The expected answer is the set of lines in the data below between the line holding "new 2025 Chevrolet" and the line holding "Chartres Self-Guided Walking", inclusive, written out exactly.

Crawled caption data
*** Block opens ***

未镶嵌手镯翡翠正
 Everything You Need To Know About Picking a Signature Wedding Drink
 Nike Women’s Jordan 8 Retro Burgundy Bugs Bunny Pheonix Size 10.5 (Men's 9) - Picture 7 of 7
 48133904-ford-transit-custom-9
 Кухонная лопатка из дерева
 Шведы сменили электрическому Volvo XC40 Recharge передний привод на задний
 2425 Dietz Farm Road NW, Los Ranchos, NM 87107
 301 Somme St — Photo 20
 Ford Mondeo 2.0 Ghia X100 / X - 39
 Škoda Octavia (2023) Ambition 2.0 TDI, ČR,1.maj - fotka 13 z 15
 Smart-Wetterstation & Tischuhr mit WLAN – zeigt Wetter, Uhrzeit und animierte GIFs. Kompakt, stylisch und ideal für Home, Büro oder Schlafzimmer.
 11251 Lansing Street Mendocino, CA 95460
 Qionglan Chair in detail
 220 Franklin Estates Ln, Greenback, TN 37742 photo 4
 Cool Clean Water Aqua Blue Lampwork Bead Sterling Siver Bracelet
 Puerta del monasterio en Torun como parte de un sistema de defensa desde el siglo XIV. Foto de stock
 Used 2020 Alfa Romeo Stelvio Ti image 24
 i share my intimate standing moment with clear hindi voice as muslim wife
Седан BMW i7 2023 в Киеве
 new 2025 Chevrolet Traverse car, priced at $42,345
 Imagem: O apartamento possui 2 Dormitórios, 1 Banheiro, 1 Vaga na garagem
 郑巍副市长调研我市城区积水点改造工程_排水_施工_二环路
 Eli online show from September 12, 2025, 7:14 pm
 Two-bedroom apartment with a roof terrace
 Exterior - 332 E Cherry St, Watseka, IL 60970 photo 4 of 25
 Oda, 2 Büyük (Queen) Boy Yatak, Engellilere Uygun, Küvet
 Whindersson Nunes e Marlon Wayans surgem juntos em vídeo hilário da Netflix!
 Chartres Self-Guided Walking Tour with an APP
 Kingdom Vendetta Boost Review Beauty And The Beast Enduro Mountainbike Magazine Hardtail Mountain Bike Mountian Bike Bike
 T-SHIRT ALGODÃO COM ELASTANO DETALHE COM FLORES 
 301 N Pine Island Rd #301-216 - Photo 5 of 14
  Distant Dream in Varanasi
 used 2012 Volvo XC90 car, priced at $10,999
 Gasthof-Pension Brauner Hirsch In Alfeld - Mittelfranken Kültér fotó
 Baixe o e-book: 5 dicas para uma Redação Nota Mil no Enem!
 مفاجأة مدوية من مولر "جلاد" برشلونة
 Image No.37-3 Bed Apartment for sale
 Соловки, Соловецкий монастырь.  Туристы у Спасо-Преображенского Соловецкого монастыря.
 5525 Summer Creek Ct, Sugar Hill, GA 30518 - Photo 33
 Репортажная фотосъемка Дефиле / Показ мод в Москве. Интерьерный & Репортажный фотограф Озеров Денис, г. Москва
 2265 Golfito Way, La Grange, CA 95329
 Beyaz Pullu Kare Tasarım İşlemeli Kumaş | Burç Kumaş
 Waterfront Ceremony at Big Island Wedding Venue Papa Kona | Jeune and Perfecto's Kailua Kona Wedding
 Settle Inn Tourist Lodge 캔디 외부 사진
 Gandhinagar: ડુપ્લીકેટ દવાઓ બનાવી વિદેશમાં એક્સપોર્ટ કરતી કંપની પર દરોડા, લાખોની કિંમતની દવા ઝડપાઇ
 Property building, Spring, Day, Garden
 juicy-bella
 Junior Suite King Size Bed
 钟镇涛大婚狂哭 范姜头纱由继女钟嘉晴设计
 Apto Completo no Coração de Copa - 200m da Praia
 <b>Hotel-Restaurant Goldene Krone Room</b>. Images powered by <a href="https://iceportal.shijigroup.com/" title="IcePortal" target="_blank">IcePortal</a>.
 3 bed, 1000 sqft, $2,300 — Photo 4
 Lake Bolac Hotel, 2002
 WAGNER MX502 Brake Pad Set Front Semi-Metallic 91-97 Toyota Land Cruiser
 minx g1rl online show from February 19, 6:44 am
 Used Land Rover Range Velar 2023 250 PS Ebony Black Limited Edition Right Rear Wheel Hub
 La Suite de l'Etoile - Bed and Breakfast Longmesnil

*** Block closes ***

▸ Written answer
 new 2025 Chevrolet Traverse car, priced at $42,345
 Imagem: O apartamento possui 2 Dormitórios, 1 Banheiro, 1 Vaga na garagem
 郑巍副市长调研我市城区积水点改造工程_排水_施工_二环路
 Eli online show from September 12, 2025, 7:14 pm
 Two-bedroom apartment with a roof terrace
 Exterior - 332 E Cherry St, Watseka, IL 60970 photo 4 of 25
 Oda, 2 Büyük (Queen) Boy Yatak, Engellilere Uygun, Küvet
 Whindersson Nunes e Marlon Wayans surgem juntos em vídeo hilário da Netflix!
 Chartres Self-Guided Walking Tour with an APP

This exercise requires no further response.